If that's that's the case, then a survivor of abortion can kindly tell other people to fuck off (in a flying fashion or otherwise) who don't share their same experiences. Of course, however, its a totally moronic view point to suggest that advocacy, or even having a valid opinion of a controversial issue, be relegated to individuals already established in the political status quo or have direct experience.
Her point is that, statistically, men are little more than a footnote in the vast majority of "problem pregnancies." As in the song, they're paragons of support during the first trimester. Then as reality sinks in they start to get cold feet. The closer the delivery date comes, and the woman who didn't want the damn baby in the first place gives them an increasingly strident preview of what their new life will be like, getting a real job, giving up the carousing, learning to change diapers, waking up during the night to screaming that seems to have no <Pause> button, and learning to live lower on the hog... well then they start wondering if there's a doctor within a thousand miles who will perform a late-term abortion. Or more likely, just disappear one night.

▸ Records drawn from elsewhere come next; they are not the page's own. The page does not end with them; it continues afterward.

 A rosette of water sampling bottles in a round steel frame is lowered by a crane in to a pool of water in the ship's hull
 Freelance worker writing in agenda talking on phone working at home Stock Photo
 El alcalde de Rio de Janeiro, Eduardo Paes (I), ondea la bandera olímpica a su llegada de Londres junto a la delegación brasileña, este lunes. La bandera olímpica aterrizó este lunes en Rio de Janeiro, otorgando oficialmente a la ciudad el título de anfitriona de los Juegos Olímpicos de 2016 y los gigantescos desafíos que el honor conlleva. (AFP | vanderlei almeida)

Why should this demographic's opinion be worth recording, much less respecting?
Sure, there is a small percentage of men who will come through these nine months with flying colors, but we have no way to identify them. Besides, why should the person who actually has to endure the pregnancy inside her own body, and also deal with the nursing, the depression, and the nearly-destructive impact on her career, not have the deciding vote?

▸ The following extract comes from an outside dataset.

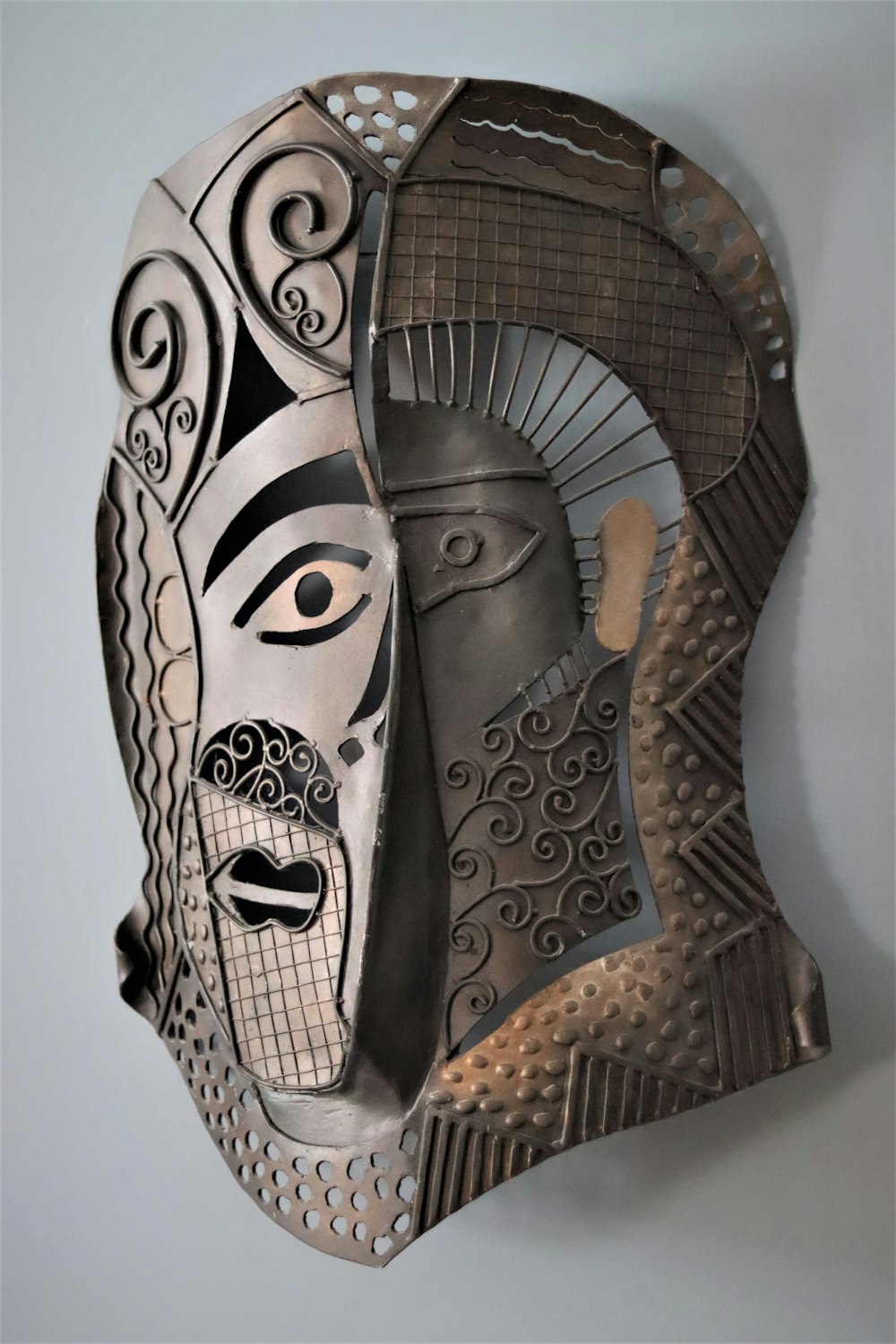 a metal mask hanging on a wall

It's a fact of nature that pregnancy, childbirth and the early years of rearing have a much greater impact on the mother's life than the father's. It's also a fact of modern civilization that a shockingly large cohort of fathers simply abandon both mother and child, quite often not even supplying the court-ordered support payments. It's easy to do that: just work in the underground economy as a musician, drug dealer, day laborer, etc.
Statistics must be respected. We have an epidemic of fatherless children in the USA, and after a few generations of this we've learned that children (especially boys) who grow up without a father figure simply don't usually grow up right. They end up filling our prisons, or at least our homeless shelters.
So if you're a good man who wants to change your partner's mind about having an abortion, change the odds by convincing the other 90% to be as good as you are.
EDIT: It has been brought to my attention that this post can be misunderstood. Let me assure you that I am not categorizing all men as assholes. My point is that the majority of "problem pregnancies," as they were called 30 years ago, involve an unmarried couple. The woman wants the abortion and the man may try to coax her out of it by promising to marry her and be a great father. In the vast majority of cases it just doesn't work out that way. Halfway through the pregnancy he realizes that he doesn't want to give up the life he has now and he simply vanishes. She may be able to get a court order for child support, but if he sticks to the underground economy (musician, drug dealer, day laborer) the court will never be able to garnish his wages--and for that matter he'll probably never make enough money to support the kid anyway.
Of course there are millions of men who are great husbands and fathers. These are not very often the guys whose wives end up in this predicament.
RE-EDIT: Once again, I have been asked by a member with too much time on his hands to micro-edit this post. The numbers I posted were not based on published statistics. They were based on articles I've read, workshops I've attended, and the first-hand accounts of people I've known who have experienced the problem, over the five decades since my adolescence ended.
My bottom line is that abortion is a women's issue and men should not be allowed to influence public policy or legislation.